For years, I have been irked by a certain Sathya Sai Baba devotee trying to get everyone and their brother (me included) to come to their bhajans and their 'seva' sessions and everything else that they do. Now, those things in and of themselves are not things that I cannot stand participating in or attending, but when they sit in the middle of something that seems so cultish and in the middle of devotees who are so pushy and do not take kindly to anyone who does not view their 'God' or 'Baba' or who or whatever they consider him to be, in the same way, I do not want to go anywhere near them.

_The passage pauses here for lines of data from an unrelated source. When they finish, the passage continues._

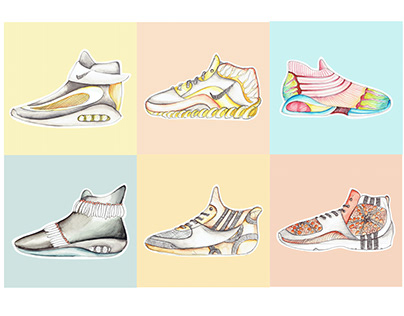 Footwear Doodles 2017
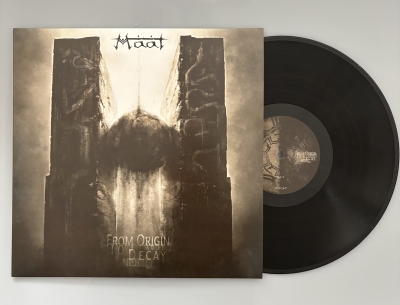 MAAT (ger) - From Origin To Decay - LP (black vinyl)
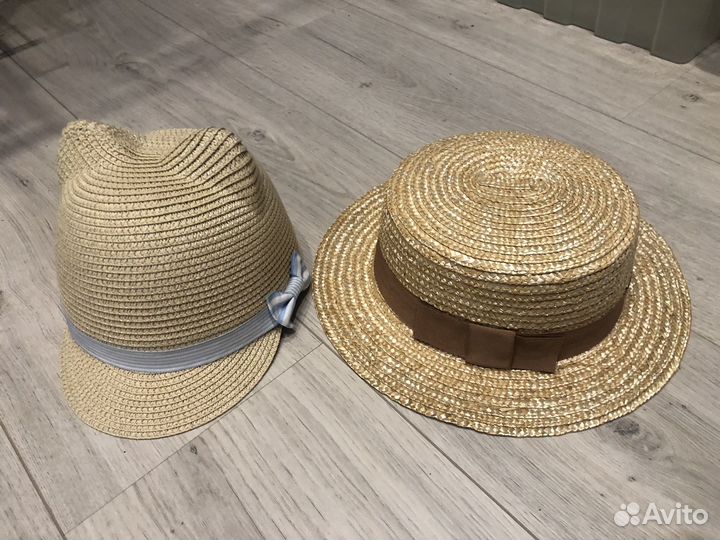 Шляпа детская летняя Zara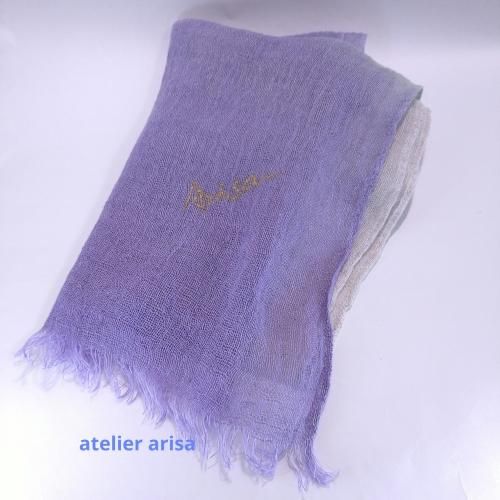 絹ショール ( フジ ) ☆精麻入り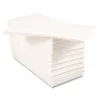 Hoffmaster 15 in. x 17 in. 2-Ply Dinner Napkins - White (4 Packs/Carton)
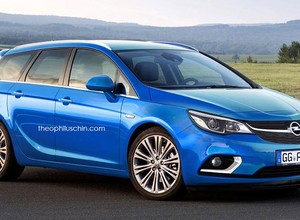 Nowy Opel Astra we Frankfurcie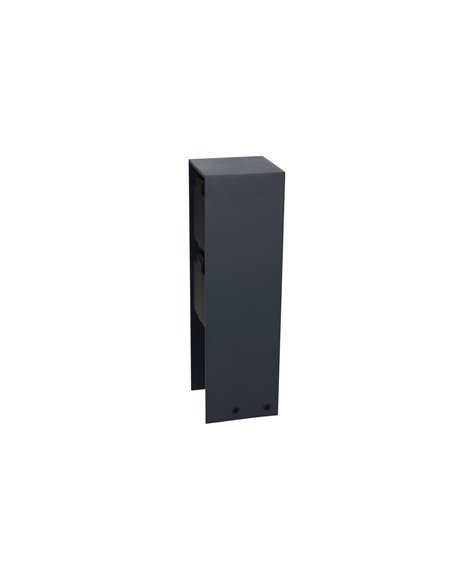 Columna enchufe jardín con tapas 2T IP44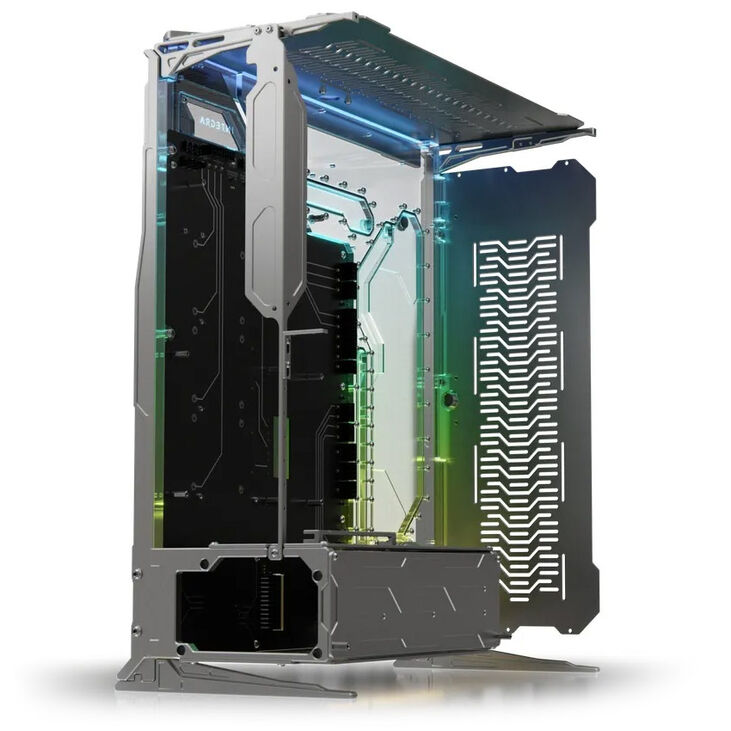 Singularity Computer Spectre 3.0 Integra Big-Tower - silber image number 3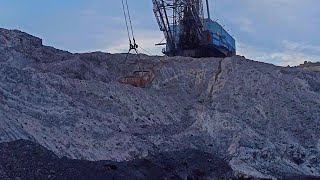 Deep inside open cast Mines | open cast mining | open pit mining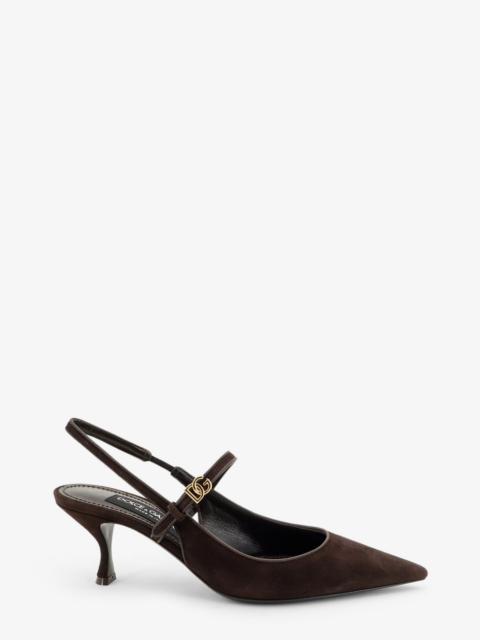 Dolce & Gabbana Dolce & Gabbana Women Suede Decollete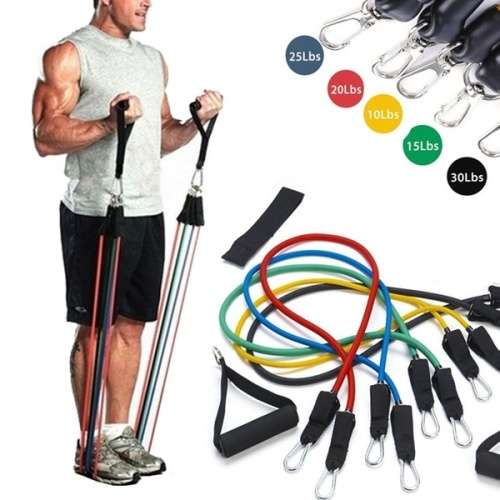 FITNESS POWER RESISTANT BANDS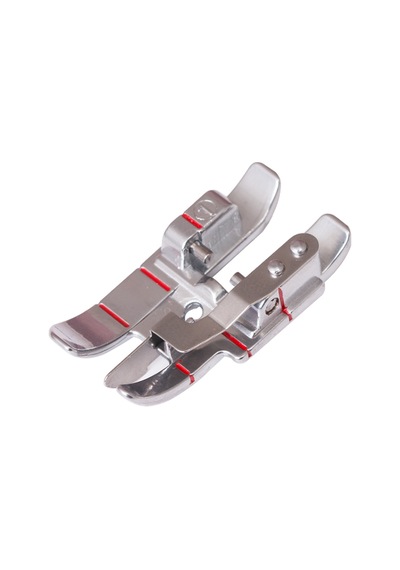 Pfaff Kırkyama Düz Dikiş Ayağı (Siperli) Idt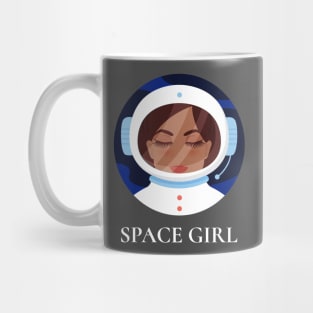 Space Girl Mug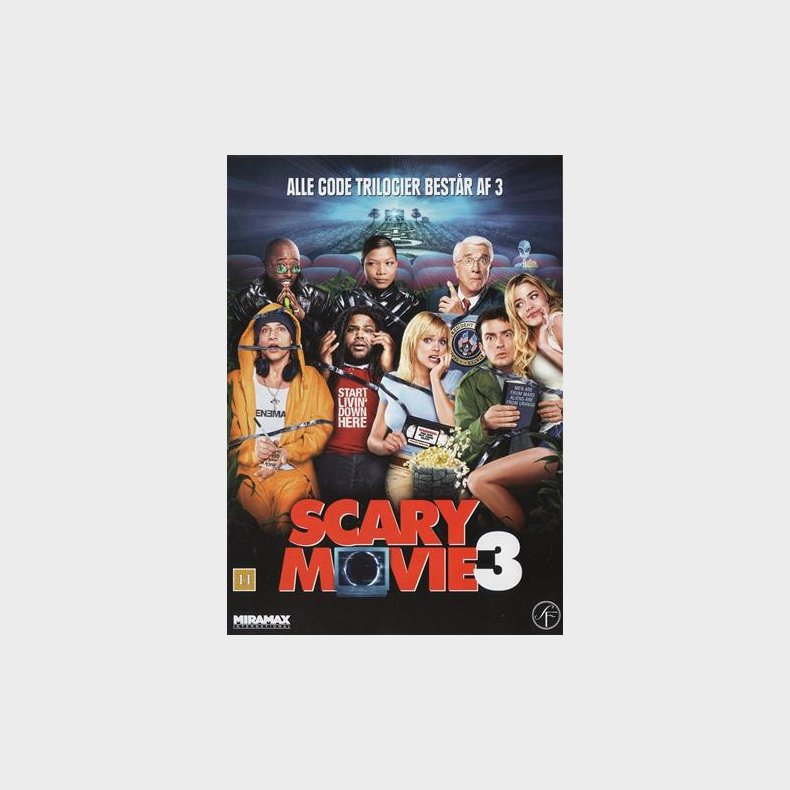 Scary Movie 3 - DVD, 2003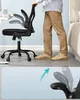 Ergonomická kancelářská židle SONGMICS, otočná židle se Náhled obrázku produktu 4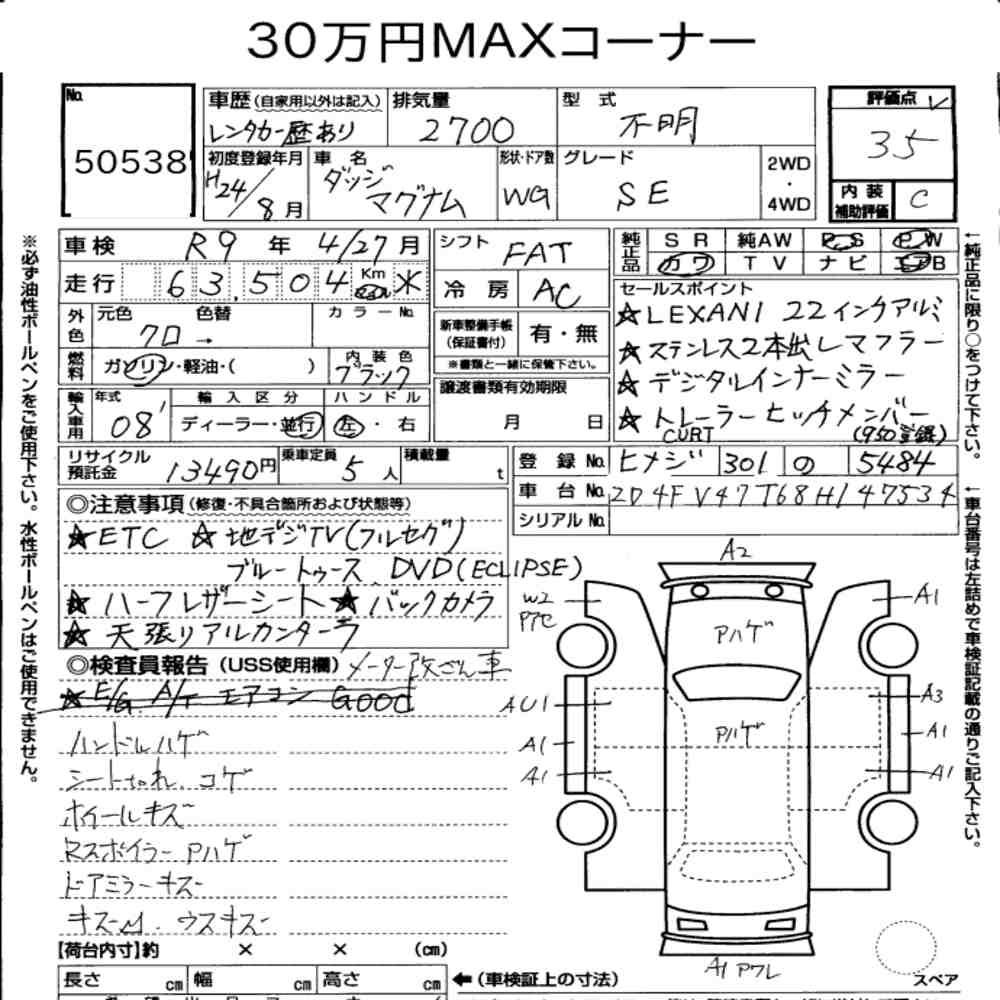 Auction Card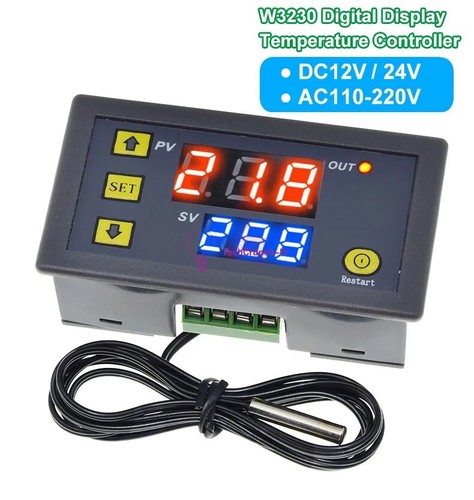 W3230 ac110 220v 12v 24v - ac110-220v,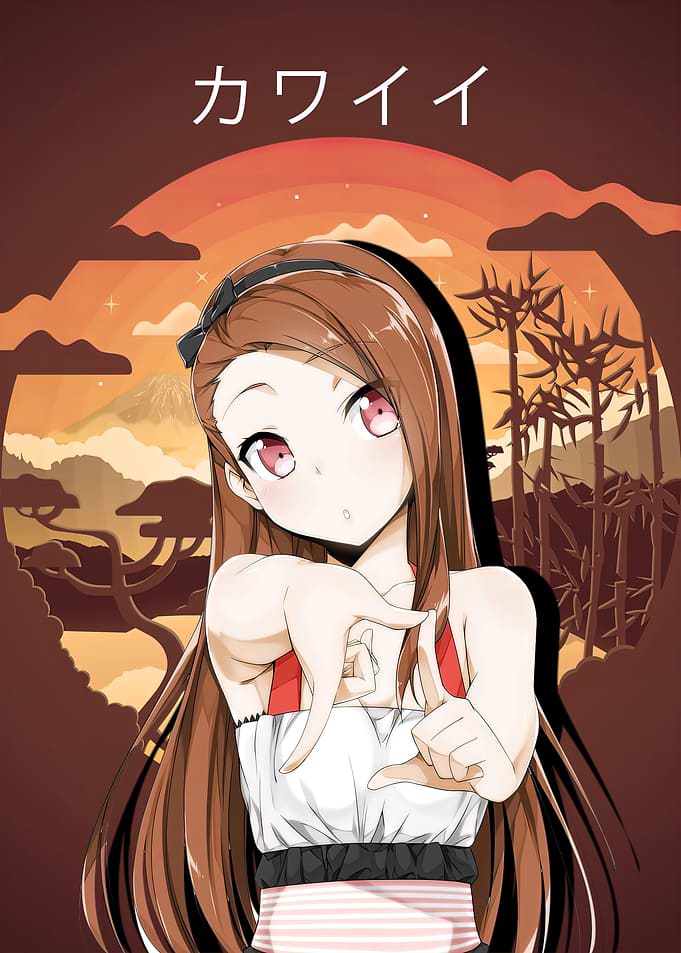 Cute Girl First Stile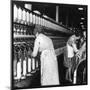 Women Working in a Cotton Mill-Henry Grant-Mounted Photographic Print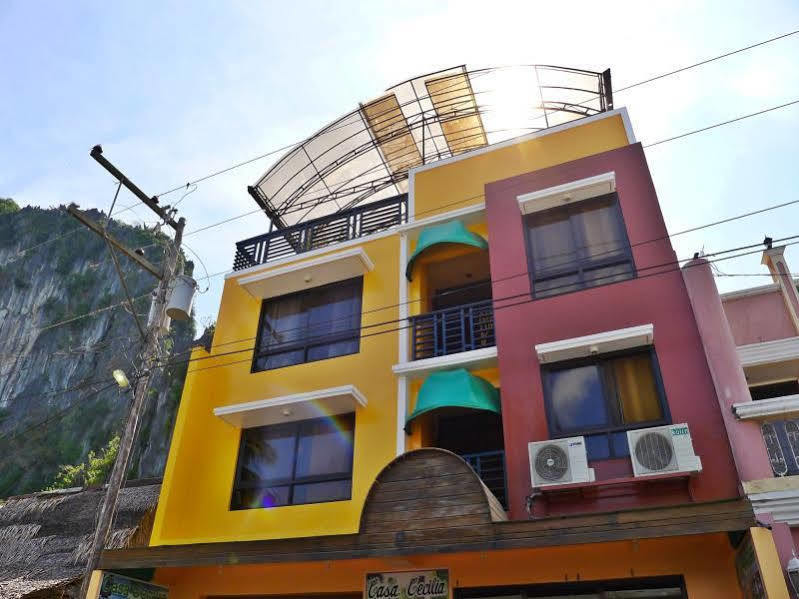 Casa Cecilia Hotel El Nido Exterior foto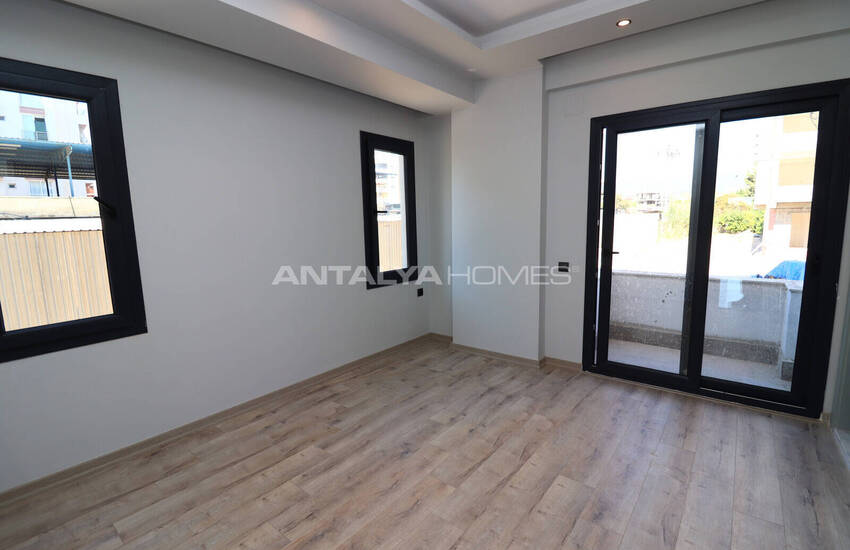 Nieuwe Appartementen Met 2 Slaapkamers In Een Complex In Mersin 6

And so, it is funny how incredibly annoyed we can become when other people try to shove their spiritual beliefs down our throats, yet act in the same way when we encounter our own epiphanies or have our own experiences. Not understanding how other people cannot believe in what we now believe, having experienced it for ourselves, 'it's real', we say. 'They weren't making it up'. 'It's all true - you have to try it, to experience what I did'. Until suddenly one day, someone points out that you sound like a zealot and they're not interested in trying what you did, or experiencing what you did, or even really in listening to your endless recounting of it.
So, thank you, wise person. On reflection, I understand what you mean, and furthermore, I now understand that one person's truth may be different from another's and that none of it is absolute and that if something is to come to someone, it will; it does not need me to bring it to them. Ok, well I always knew that, it's just that I couldn't help myself all this while. But now I have a lesson learned.